By Katie Dahlstrom
Herald Staff Writer
The city of Clinton may need to pursue a $1 million bond to pay for already purchased equipment for the automated trash pickup system.
City Finance Director Jessica Kinser asked Internal Operations Committee members on Tuesday if they would like to add the $1 million on to a taxable refunding bond to pay for debt associated with the solid waste equipment that had been purchased in the two previous fiscal years.
“We cannot essentially pay for the equipment that was bought,” Kinser said.
Committee members questioned why the city would need to utilize the bond when the solid waste equipment replacement reserve fund had been established a decade ago to cover the costs. That fund had a $1 million balance in fiscal year 2011, city budget documents show.
“When the council was originally told over 24 months ago that the money was there to pay for the trucks, that it was basically a wash of funds that were existing, they weren’t there?” Council member Jennifer Graf asked.
“The statement was made in public session in a council meeting that the money was there, there wouldn’t be debt arising from the purchase of those vehicles,” she said.
The city did have money to cover the cost of some of the equipment that was purchased. In November 2010, the city purchased recycle trucks for $451,992, leaving the balance of the solid waste equipment replacement reserve fund at $548,441.
However, according to Council meeting minutes from Nov. 9, 2010, former Public Works Director Gary Schellhorn explained to Council members that the purchase of an additional $1.27 million of equipment would leave the equipment replacement fund with a negative $720,727 balance. Schellhorn stated the city would need to save $100,000 per year to pay the finance costs.
Schellhorn also stated at that time his department was operating with a negative balance of about $104,000, which in fiscal year 2009 stopped the city’s annual practice of putting $100,000 into the equipment replacement reserve fund.
According to the minutes, Schellhorn stated the $9.25 monthly fee for solid waste would generate $1.46 million based on collection from 5,000 customers. His budget at the time was $1.33 million.
During the Nov. 9, 2010 meeting, the Council unanimously approved the motion to purchase the equipment from Elliott Equipment Company: three automated trucks, 5,000 garbage bins, 5,000 yard waste bins and computer equipment, leaving the fund negative by slightly more than $720,000.
Since the $1.27 million was spent, the $100,000 a year has not been saved due to a lack of revenue.
Further compounding the issue, the city continues to purchase solid waste and recycling bins for residents and invoices the purchases to the replacement fund.
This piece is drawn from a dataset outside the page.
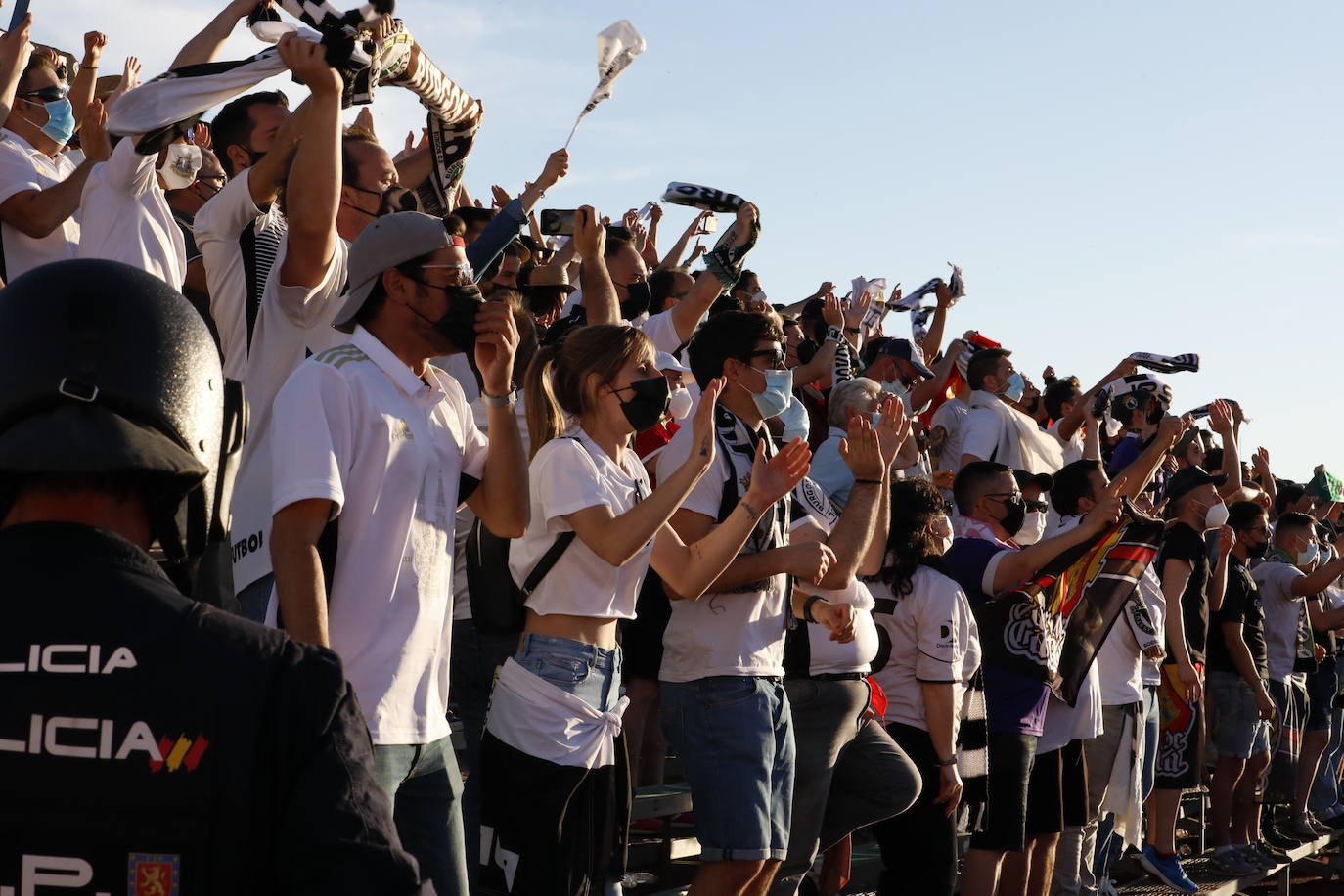 La afición blanquinegra se vuelca con el Burgos CF en Don Benito.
The balance of the fund is currently negative by approximately $1 million, according to Kinser.
“You can either borrow for equipment when you need a replacement or you can save for it along the way and this is one where it sounds like there was a misunderstanding of what was actually happening in the cash in this fund,” Kinser said during the IOC meeting Tuesday.
Committee members decided not to move forward with the $1 million included in the bond to pay for the equipment. Instead, they moved to wait for the solid waste study results, which will be revealed in January.